Refurbished analog input modules are risky. The input conditioning circuits are sensitive. A refurb module might have been in a plant where it got hit by lightning—it still works, but the linearity is off. I’ve seen a refurb module that passed a 4 mA and 20 mA test but was 0.2 mA off at 12 mA. The loop was unstable. The plant chased it for a week.

What we provide:

  • Traceable serial number (matches Honeywell production records)
  • 8‑channel linearity test (4, 8, 12, 16, 20 mA)
  • 1‑hour soak test at 20 mA
  • Loop power verification
  • Open circuit detection test
  • Original anti‑static bag (if available) or fresh bag with QC seal
  • 12‑month warranty

Pricing context:
Our price sits above the cheapest used listings. It’s also below what a new module would cost if Honeywell still made them. You’re paying for the test, the warranty, and the certainty that the analog reading isn’t going to drift.

 

Performance Benchmarks & Test Results

All tests performed on C Series test rack, 25 °C ambient.

Test Condition Result
Accuracy 4 mA 4.00 ±0.01 mA
Accuracy 12 mA 12.00 ±0.01 mA
Accuracy 20 mA 20.00 ±0.01 mA
Linearity 4–20 mA sweep ±0.02% of span
Channel isolation 20 mA on ch1, measure ch2 <0.001 mA
Loop power Open circuit 24.1 V
Update rate All 8 channels 165 ms
Soak drift 1 hour at 20 mA 0.002 mA
Power consumption 24 V field supply 150 mA typical

Thermal performance note:
At 60 °C ambient, the accuracy drifts to about ±0.1%. Still within spec. The biggest issue at high temp is the A/D reference—it can drift. Let the module warm up for 30 minutes before you trust critical readings.

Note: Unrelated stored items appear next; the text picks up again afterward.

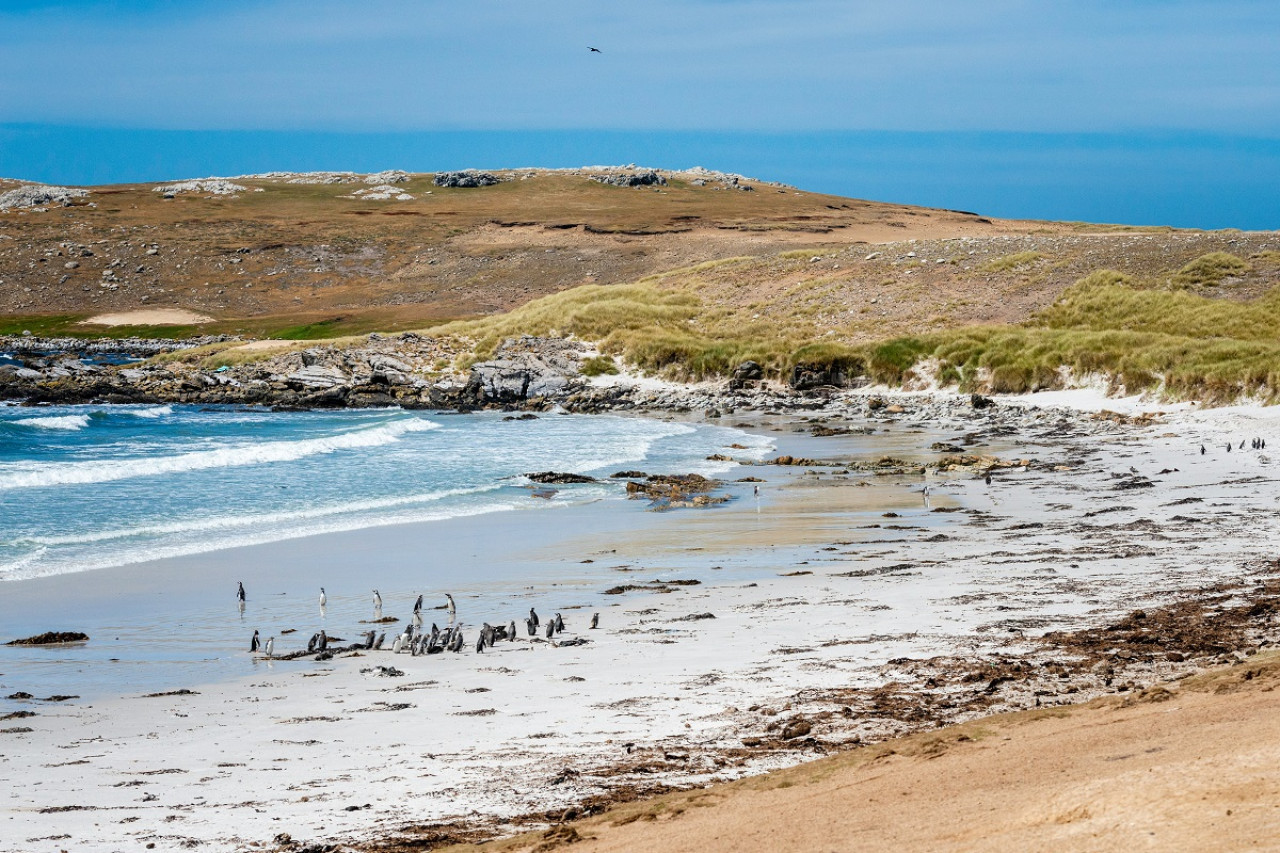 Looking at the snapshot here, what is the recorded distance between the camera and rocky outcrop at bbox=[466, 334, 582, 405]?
39812 millimetres

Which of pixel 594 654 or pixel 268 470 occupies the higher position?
pixel 268 470

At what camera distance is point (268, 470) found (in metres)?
24.8

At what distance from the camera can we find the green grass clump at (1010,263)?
1750 inches

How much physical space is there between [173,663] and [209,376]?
38.2 meters

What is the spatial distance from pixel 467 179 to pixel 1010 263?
87.2 metres

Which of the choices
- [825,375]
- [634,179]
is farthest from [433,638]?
[634,179]

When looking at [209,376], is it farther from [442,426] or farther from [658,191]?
[658,191]

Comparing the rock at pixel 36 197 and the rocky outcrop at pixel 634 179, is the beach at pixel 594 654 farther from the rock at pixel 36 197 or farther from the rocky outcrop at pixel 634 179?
the rocky outcrop at pixel 634 179

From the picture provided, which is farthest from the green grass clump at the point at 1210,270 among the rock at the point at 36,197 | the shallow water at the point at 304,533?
the rock at the point at 36,197

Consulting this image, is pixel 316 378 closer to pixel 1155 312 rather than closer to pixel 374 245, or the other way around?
pixel 1155 312

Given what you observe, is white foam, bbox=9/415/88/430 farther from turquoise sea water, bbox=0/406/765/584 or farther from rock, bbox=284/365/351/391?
rock, bbox=284/365/351/391

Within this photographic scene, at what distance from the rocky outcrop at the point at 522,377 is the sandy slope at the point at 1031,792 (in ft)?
111

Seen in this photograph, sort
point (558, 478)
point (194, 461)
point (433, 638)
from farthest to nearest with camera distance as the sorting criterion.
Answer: point (194, 461), point (558, 478), point (433, 638)

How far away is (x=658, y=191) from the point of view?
117m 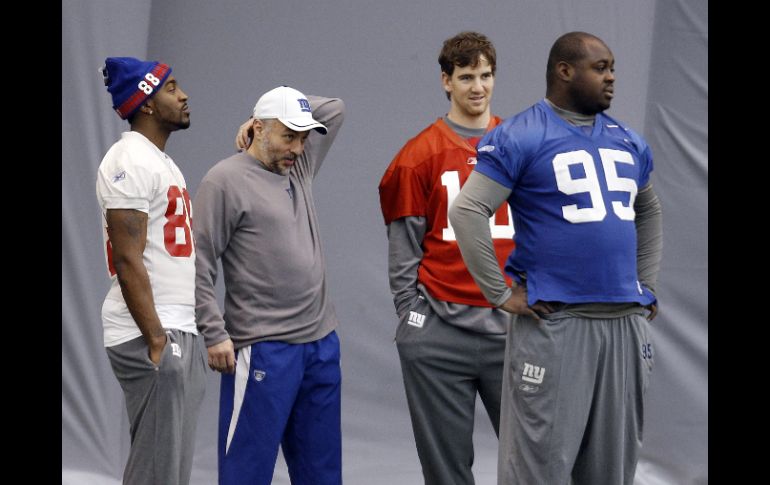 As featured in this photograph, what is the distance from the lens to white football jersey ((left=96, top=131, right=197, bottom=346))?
9.13ft

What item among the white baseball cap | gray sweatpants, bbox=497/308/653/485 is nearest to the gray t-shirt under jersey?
the white baseball cap

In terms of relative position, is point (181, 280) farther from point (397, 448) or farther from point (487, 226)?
point (397, 448)

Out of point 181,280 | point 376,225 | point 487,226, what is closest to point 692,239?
point 376,225

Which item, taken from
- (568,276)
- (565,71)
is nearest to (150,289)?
(568,276)

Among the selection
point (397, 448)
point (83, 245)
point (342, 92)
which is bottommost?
point (397, 448)

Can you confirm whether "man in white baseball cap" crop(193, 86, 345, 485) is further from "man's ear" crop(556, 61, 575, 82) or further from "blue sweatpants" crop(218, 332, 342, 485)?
"man's ear" crop(556, 61, 575, 82)

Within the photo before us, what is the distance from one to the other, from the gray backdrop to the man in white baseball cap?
46.5 inches

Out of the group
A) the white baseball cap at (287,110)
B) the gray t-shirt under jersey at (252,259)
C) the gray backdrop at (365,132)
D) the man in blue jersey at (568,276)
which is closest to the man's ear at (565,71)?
the man in blue jersey at (568,276)

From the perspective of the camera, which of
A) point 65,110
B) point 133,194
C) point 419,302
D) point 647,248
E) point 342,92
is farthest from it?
point 342,92

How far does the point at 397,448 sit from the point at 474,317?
1.50 metres

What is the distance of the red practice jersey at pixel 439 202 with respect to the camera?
10.6 feet

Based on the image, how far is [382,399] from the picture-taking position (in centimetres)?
459

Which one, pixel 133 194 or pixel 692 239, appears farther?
pixel 692 239

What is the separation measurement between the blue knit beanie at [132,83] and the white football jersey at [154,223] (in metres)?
0.08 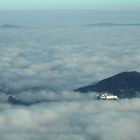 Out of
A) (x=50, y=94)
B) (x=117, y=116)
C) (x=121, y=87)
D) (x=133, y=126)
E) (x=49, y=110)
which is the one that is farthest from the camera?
(x=50, y=94)

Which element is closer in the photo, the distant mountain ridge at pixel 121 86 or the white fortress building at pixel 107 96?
the white fortress building at pixel 107 96

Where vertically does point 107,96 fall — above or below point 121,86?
below

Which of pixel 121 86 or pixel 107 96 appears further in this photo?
pixel 121 86

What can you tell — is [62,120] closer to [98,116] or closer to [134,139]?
[98,116]

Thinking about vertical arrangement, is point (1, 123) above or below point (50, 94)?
above

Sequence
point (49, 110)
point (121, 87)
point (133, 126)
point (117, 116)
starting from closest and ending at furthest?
point (133, 126), point (117, 116), point (49, 110), point (121, 87)

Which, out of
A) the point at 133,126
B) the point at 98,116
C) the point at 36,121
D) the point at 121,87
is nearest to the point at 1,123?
the point at 36,121

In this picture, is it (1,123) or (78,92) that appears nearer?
(1,123)

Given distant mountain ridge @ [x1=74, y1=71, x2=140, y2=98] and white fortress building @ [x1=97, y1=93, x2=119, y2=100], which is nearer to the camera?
white fortress building @ [x1=97, y1=93, x2=119, y2=100] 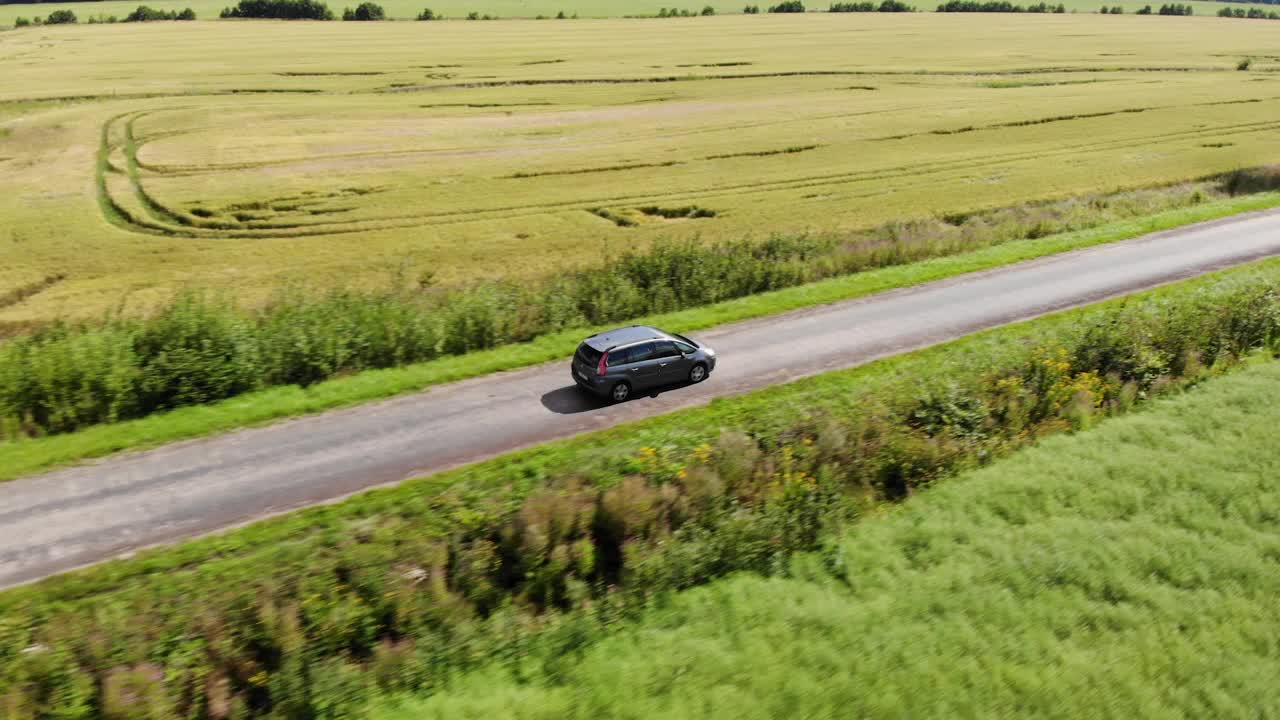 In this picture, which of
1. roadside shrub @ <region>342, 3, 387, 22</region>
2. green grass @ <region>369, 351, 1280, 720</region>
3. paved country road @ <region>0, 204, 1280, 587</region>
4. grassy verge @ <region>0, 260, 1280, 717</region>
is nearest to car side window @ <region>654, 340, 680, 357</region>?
paved country road @ <region>0, 204, 1280, 587</region>

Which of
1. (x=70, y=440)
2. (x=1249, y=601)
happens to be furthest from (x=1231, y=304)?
(x=70, y=440)

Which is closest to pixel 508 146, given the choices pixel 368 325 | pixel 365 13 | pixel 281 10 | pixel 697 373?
pixel 368 325

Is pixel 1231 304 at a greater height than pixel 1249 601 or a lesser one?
greater

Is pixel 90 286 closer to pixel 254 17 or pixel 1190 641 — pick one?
pixel 1190 641

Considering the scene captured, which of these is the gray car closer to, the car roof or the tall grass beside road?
the car roof

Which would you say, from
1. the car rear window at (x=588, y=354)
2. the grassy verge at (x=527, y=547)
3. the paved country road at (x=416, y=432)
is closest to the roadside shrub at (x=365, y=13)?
the paved country road at (x=416, y=432)

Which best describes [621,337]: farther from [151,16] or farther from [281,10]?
[151,16]

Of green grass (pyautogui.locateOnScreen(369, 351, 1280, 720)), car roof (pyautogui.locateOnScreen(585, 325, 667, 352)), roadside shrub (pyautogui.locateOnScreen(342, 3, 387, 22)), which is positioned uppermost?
roadside shrub (pyautogui.locateOnScreen(342, 3, 387, 22)) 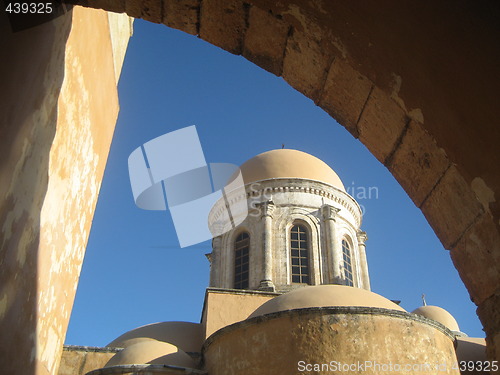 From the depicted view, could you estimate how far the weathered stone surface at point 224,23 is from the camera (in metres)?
2.64

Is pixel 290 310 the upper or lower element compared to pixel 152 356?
upper

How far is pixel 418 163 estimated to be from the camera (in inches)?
93.1

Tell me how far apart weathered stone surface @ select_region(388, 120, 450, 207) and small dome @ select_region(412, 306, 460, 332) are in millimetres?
17546

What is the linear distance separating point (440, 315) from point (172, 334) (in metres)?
11.6

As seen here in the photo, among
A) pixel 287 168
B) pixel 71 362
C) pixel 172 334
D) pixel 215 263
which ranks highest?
pixel 287 168

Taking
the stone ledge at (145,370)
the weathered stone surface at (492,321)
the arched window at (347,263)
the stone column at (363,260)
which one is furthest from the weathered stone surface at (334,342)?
the stone column at (363,260)

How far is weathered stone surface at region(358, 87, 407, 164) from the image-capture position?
2.34 meters

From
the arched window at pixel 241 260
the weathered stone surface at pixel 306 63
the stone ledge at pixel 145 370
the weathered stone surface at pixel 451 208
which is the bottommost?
the weathered stone surface at pixel 451 208

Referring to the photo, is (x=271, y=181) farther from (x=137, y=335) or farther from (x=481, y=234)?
(x=481, y=234)

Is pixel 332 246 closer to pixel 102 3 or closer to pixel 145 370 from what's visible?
pixel 145 370

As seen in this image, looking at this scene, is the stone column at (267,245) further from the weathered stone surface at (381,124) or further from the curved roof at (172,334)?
the weathered stone surface at (381,124)

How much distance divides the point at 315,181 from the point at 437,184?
14.1 m

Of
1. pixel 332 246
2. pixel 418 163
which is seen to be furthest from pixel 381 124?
pixel 332 246

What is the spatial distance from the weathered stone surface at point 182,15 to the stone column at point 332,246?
12.3 metres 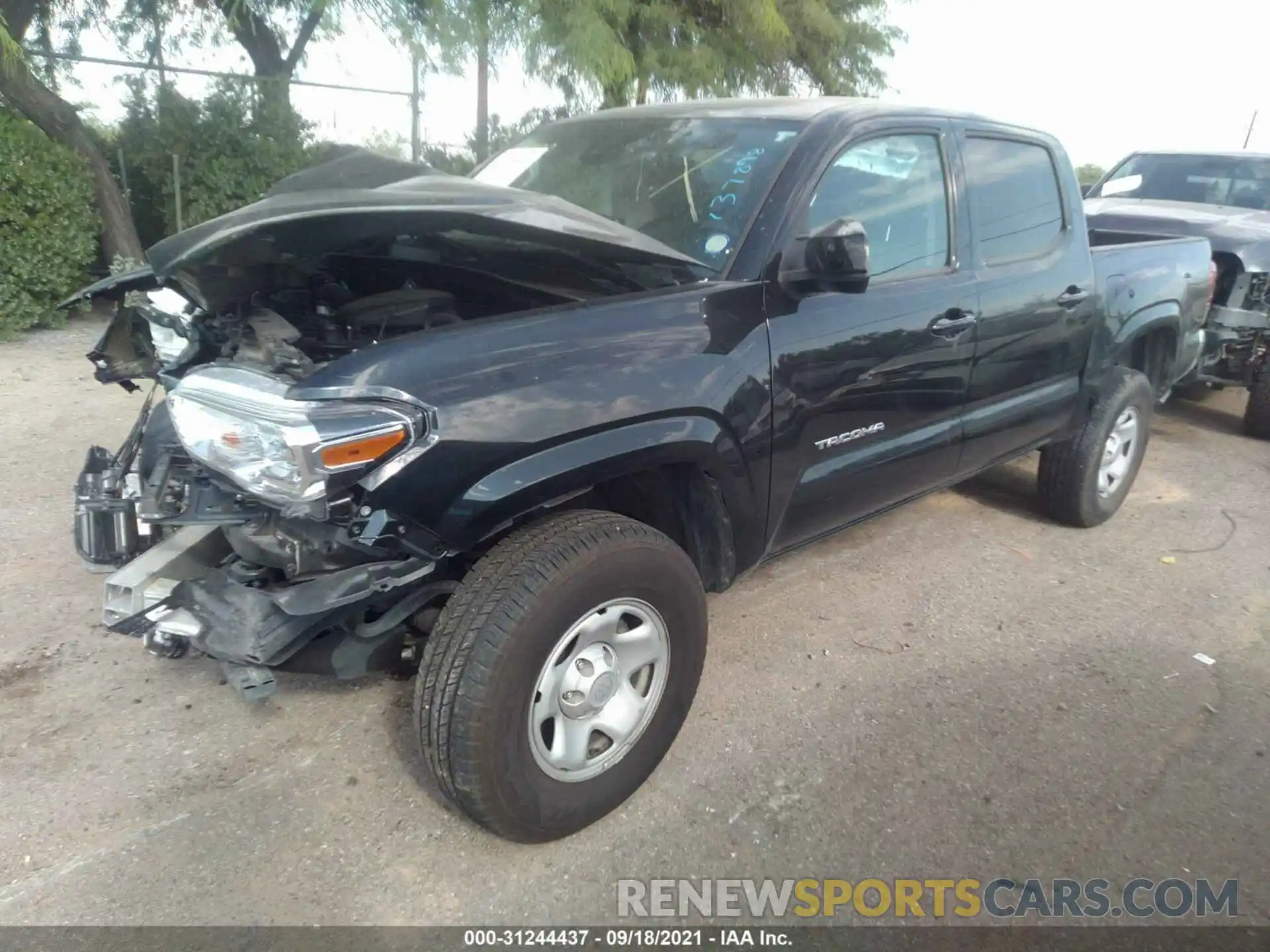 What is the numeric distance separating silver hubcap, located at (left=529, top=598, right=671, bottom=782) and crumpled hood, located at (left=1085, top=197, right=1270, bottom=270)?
4.81 m

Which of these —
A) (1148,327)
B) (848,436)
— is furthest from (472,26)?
(848,436)

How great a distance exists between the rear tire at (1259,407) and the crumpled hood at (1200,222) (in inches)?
29.2

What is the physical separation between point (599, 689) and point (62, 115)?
338 inches

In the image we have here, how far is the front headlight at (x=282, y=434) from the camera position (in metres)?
2.07

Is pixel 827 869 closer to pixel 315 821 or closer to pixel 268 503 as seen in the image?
pixel 315 821

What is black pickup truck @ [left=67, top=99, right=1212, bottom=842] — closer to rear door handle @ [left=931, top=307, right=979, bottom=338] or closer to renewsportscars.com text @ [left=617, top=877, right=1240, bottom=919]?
rear door handle @ [left=931, top=307, right=979, bottom=338]

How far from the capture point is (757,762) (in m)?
2.86

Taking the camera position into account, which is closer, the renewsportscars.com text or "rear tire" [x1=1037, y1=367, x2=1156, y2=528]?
the renewsportscars.com text

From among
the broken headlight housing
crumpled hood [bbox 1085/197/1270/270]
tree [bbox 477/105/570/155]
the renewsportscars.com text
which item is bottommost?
the renewsportscars.com text

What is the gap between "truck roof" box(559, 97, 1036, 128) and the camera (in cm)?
322

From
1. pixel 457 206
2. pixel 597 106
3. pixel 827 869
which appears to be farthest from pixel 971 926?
pixel 597 106

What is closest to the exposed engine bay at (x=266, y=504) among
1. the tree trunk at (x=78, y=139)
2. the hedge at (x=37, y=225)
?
the hedge at (x=37, y=225)

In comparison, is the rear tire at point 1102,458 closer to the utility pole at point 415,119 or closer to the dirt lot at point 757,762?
the dirt lot at point 757,762

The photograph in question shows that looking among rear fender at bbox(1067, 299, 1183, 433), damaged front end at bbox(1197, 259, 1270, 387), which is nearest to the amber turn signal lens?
rear fender at bbox(1067, 299, 1183, 433) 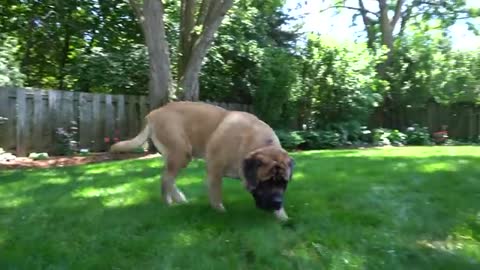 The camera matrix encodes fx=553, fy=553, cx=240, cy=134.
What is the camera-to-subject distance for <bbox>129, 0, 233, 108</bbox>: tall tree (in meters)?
12.3

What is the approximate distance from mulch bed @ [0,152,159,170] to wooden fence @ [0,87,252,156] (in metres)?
0.65

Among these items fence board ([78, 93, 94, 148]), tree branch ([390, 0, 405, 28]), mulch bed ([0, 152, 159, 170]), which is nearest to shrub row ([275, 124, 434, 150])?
mulch bed ([0, 152, 159, 170])

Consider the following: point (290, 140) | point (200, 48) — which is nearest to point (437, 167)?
point (200, 48)

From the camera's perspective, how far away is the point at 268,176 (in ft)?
15.6

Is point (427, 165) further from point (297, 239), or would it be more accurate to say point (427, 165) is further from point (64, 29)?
point (64, 29)

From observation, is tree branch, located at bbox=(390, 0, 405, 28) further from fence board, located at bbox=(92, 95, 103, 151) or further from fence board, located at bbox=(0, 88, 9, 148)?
fence board, located at bbox=(0, 88, 9, 148)

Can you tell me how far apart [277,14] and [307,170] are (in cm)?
1586

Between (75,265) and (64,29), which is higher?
(64,29)

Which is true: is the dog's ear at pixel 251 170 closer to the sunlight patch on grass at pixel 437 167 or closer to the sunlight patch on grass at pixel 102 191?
the sunlight patch on grass at pixel 102 191

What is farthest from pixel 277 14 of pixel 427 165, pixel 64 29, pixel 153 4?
pixel 427 165

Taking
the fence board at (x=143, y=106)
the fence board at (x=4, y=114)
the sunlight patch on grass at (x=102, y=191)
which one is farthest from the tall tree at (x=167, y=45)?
the sunlight patch on grass at (x=102, y=191)

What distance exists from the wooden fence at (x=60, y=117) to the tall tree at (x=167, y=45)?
183cm

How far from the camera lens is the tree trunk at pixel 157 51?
12.2 metres

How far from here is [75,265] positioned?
13.3 feet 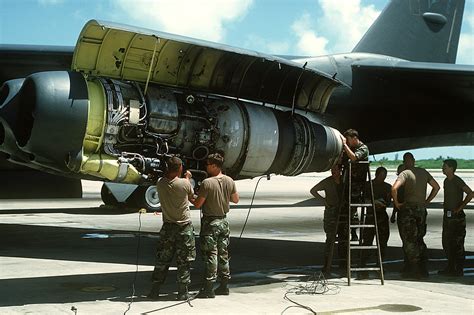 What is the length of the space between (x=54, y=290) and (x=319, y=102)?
5.33 m

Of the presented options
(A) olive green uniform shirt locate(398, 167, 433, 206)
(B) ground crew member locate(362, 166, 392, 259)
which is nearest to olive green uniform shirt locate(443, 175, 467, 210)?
(A) olive green uniform shirt locate(398, 167, 433, 206)

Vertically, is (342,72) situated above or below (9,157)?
above

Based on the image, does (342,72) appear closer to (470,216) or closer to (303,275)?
(303,275)

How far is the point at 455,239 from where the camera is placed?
9102 millimetres

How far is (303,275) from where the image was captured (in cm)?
862

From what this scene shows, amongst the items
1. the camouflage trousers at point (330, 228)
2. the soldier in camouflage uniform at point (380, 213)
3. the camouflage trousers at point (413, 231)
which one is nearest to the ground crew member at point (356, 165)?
the soldier in camouflage uniform at point (380, 213)

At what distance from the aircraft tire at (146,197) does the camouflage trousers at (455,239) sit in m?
10.6

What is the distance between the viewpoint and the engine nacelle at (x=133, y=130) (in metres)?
7.25

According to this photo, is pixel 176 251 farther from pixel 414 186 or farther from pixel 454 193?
pixel 454 193

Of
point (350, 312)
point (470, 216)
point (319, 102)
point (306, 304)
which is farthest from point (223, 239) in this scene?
point (470, 216)

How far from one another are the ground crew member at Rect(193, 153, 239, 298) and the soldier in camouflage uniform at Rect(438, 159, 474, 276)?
383 centimetres

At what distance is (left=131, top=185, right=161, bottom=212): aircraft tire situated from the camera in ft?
59.8

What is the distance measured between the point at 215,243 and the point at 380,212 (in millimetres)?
3683

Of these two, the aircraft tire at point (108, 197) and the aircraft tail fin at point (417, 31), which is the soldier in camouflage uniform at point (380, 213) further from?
the aircraft tire at point (108, 197) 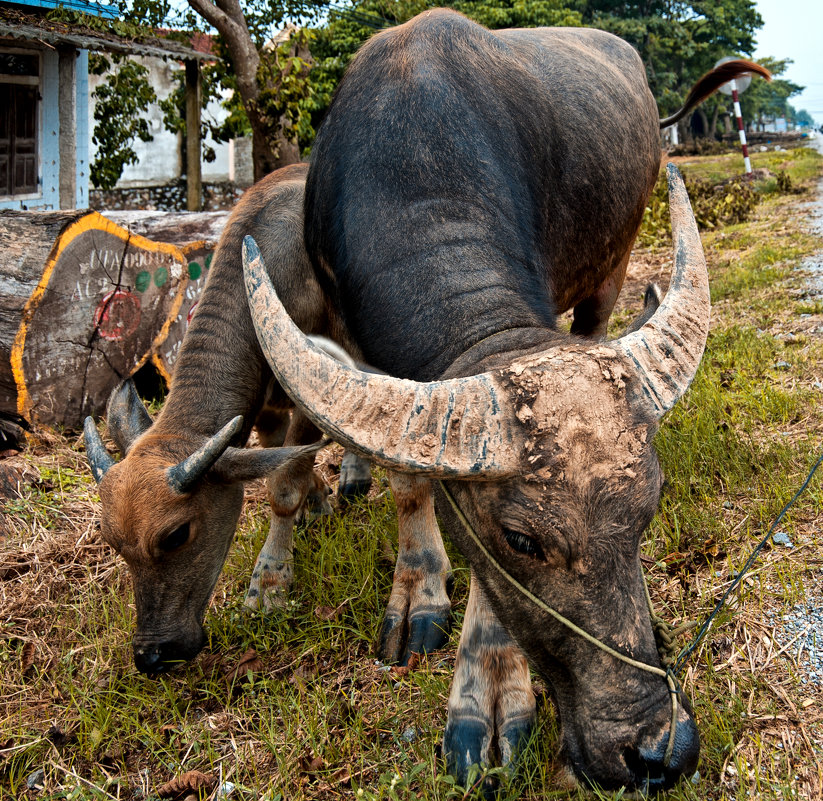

One more thing from the field:
The CC-PLAIH51 has a small test point on the front edge—TP1. It’s the 5 V reference for the A/D converter. If you’re seeing drift across all channels, probe TP1. Should be 5.0 ±0.05 V. If it’s off, the whole module is drifting. Swap it. I’ve seen a plant chase a process issue for weeks before someone checked the reference. The module was soft. The process was fine.